— Assignment —
If a line of the data below holds the string "image", copy it.

Data for processing below:

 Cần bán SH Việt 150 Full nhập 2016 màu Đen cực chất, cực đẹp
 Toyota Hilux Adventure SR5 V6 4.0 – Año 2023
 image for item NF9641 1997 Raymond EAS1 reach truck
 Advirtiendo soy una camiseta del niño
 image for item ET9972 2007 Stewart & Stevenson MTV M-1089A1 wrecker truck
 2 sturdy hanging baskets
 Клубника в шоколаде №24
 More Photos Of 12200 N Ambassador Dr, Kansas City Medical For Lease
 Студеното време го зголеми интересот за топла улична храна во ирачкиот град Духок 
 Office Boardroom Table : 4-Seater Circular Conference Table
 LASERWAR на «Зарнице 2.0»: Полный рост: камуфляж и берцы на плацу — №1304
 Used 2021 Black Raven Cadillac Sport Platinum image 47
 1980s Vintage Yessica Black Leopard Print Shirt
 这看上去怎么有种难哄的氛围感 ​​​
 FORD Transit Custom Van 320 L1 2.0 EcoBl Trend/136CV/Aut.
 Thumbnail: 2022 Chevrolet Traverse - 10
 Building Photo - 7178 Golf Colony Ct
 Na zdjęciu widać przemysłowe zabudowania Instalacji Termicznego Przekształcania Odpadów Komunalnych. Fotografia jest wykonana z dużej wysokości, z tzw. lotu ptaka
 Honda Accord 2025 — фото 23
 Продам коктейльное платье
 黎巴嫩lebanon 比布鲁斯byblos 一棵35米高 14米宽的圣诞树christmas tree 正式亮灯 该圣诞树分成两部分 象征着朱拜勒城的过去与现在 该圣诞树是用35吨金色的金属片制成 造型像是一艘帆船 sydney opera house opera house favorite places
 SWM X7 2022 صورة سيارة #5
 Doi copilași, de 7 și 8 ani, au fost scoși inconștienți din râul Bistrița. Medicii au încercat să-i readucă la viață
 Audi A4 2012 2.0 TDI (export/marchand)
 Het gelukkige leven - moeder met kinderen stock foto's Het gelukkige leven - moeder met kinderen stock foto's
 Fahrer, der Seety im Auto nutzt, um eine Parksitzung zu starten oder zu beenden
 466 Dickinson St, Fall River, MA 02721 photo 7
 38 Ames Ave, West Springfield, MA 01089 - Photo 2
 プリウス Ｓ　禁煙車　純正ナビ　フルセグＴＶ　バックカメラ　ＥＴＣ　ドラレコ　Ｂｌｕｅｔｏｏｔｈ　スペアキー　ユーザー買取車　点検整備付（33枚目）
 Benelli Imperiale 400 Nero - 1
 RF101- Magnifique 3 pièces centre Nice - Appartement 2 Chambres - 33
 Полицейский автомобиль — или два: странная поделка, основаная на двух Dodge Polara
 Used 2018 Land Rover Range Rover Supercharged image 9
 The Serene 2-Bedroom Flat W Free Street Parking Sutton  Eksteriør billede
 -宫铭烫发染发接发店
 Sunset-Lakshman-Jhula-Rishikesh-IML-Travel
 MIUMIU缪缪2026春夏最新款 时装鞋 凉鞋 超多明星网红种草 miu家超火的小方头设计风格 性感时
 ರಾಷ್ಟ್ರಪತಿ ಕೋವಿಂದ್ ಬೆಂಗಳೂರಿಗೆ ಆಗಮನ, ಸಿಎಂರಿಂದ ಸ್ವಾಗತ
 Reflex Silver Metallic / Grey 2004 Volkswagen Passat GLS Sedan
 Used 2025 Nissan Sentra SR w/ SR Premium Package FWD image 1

End of Data for processing.

— Solution to the exercise —
 image for item NF9641 1997 Raymond EAS1 reach truck
 image for item ET9972 2007 Stewart & Stevenson MTV M-1089A1 wrecker truck
 Used 2021 Black Raven Cadillac Sport Platinum image 47
 Used 2018 Land Rover Range Rover Supercharged image 9
 Used 2025 Nissan Sentra SR w/ SR Premium Package FWD image 1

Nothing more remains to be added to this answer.